For network embedding, some methods have been put forward (e.g., DeepWalk [10], LINE [11], node2vec [12]), which primarily focused on preserving the plain structure information to learn the network embedding. However, networks in reality are always sparse and the number of observable links is limited, thus merely utilizing the structure information is possible leading to suboptimal representation. In addition to the network structure, most of the information networks in our daily life have rich attribute information within each node, such as academic topics in citation networks, or users’ education background in social networks. The topological structure and attributes are highly associated according to the sociological theories like the principle of homophily [13], which claims that node attributes are highly correlated with network structure. For instance, in academic networks, there is a high correlation between the paper topics and the citations of papers, they influence and determine each other. In paper [14] [15], it has been validated that utilizing structure and node attributes simultaneously can achieve better embedding performance. Therefore, node attributes can be employed to learn more informative network embedding than using network structure information alone. Besides, incorporating more types of information can filter out the noisy information, accurately characterize the network and finally derive desirable network representation.
Although many network embedding methods have been proposed and achieved reasonable results, we still face three great challenges: First, the existing methods treated topological structure and node attributes as linear, as well as assumed that the correlations between them are also linear. However, it has been demonstrated that the underlying structure of the network and attribute information is typically better to be considered as highly non-linear [16] [17]. In addition, the intrinsic interactions between two types of information are also highly non-linear [18]. Second, how to effectively capture the complex correlations between the topological structure and node attribute information is difficult. The previous works simply combined the individual structure and node attributes using a shallow model without fully considering the complex interactions between them. Third, how to effectively integrate the different types of information to learn the desired network embedding remains to be addressed. The integration should follow the essential principle that nodes with large proximity of structure and attributes in the original network should be embedded closely to each other in the latent space. As mentioned above, an effective method is expected to simultaneously capture and preserve the non-linear topological structure and node attributes, as well as the intrinsic correlations between them.
In this paper, we propose an embedding framework fusing topological structure and node attributes via a deep autoencoder named FSADA. Comparing with the existing methods, FSADA tackles the above three main challenges in a unified framework. The main novelty of our proposed framework is that it not only considers the high non-linear topological structure but also preserves the significant node attribute information. Moreover, unlike previous algorithms that simply combine the structure and node attribute information, our method fully considering the complex interactions between two types of information and utilize the pre-processing procedure to capture the deep and complex relationship between them. Furthermore, we design an enhancement scheme to improve the effectiveness and efficiency of the network embedding.

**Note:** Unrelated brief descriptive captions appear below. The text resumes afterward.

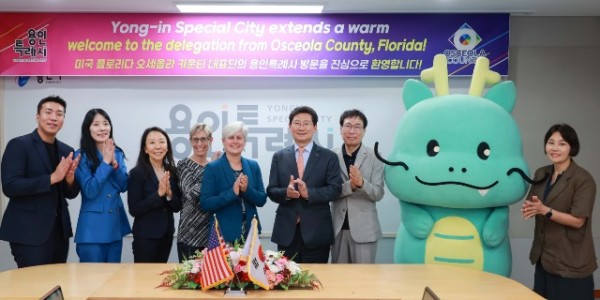 4. 이상일 용인특례시장이 23일 미국 플로리다주 오세올라 카운티 대표단과 간담회 후 기념촬영을 하고 있다.JPG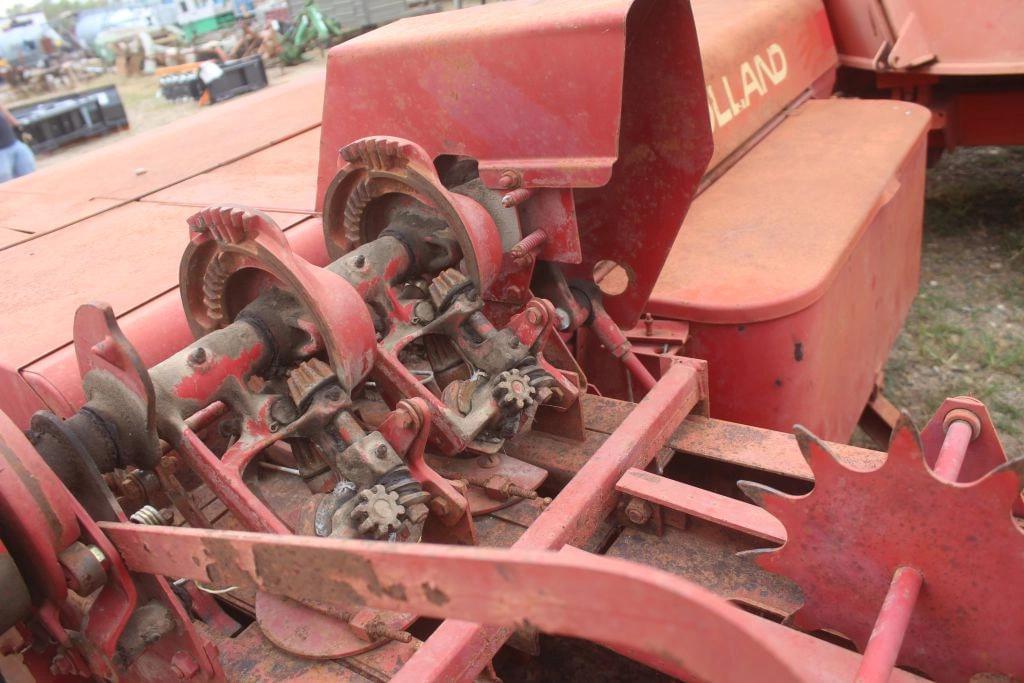 Image of New Holland Hayliner 273 Image 1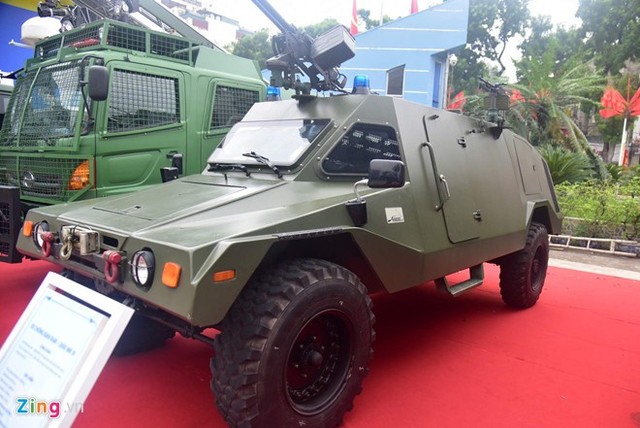 Hàng loạt xe đặc chủng quân đội hội tụ tại Hà Nội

In detail, we develop a deep autoencoder, which has several layers with non-linear functions to preserve the non-linear topological structure and node attributes simultaneously. We define the loss function based on the structural second-order proximity and node attribute proximity, and then we can obtain the embedding by minimizing the final loss function. In particular, although the network structure and node attributes are multi-views of the network, they are from different sources. Therefore, we adopt a pre-processing procedure to pre-process the two types of information and obtain the dense and non-redundant higher-order features. Then, the higher-order features are horizontally concatenated as the input to the autoencoder, which can help to excavate the complex correlations between the structure and node attribute information. Furthermore, to further enhance the performance and derive more effective and efficient network embedding, we design an enhancement module. In the enhancement module, we construct pairwise constraints on nodes and introduce a graph regularization into the objective function to reinforce the latent embedding. In summary, our work makes the following contributions:
(1) We develop a multi-layer autoencoder that consists of multiple non-linear functions to capture and preserve the high non-linear topological structure and node attribute information.
(2) The pre-processing procedure is adopted to pre-process the original topological structure and node attributes, and then the obtained higher-order features are fed into the autoencoder for further learning, which facilitates to excavate the complex interactions between them.
(3) To further improve the performance of embedding, we design an enhancement module. We implement it by combining structure and attribute similarity to construct pairwise constraints, and introduce a graph regularization into the framework to enhance the node representation in the latent space.
(4) We conduct extensive experiments on real-world networks in network reconstruction and node classification tasks to evaluate the effectiveness of the model. Experimental results demonstrate that our model can learn informative and high-quality embedding and significantly outperforms the state-of-the-art methods in two network analysis tasks.
Section snippets
Structure preserving network embedding
Recently, network embedding has attracted wide attention and a variety of network embedding methods have been proposed. For instance, DeepWalk [10] was the pioneer network embedding method, which exploited the skip-gram model and a stream of short random walks to learn the node representation. node2vec [12] was an extension of DeepWalk, which combined the two kinds of search style to explore and capture the high-order proximity in network. M-NMF [19] incorporated the community structure and
Notations and problem definition
Throughout the paper, we use uppercase alphabets to denote matrices and lowercase alphabets to denote scalars. The row of matrix A is represented by and the element of the matrix is denoted by . We also use to represent the trace of the matrix, and to represent the Frobenius norm of the matrix A.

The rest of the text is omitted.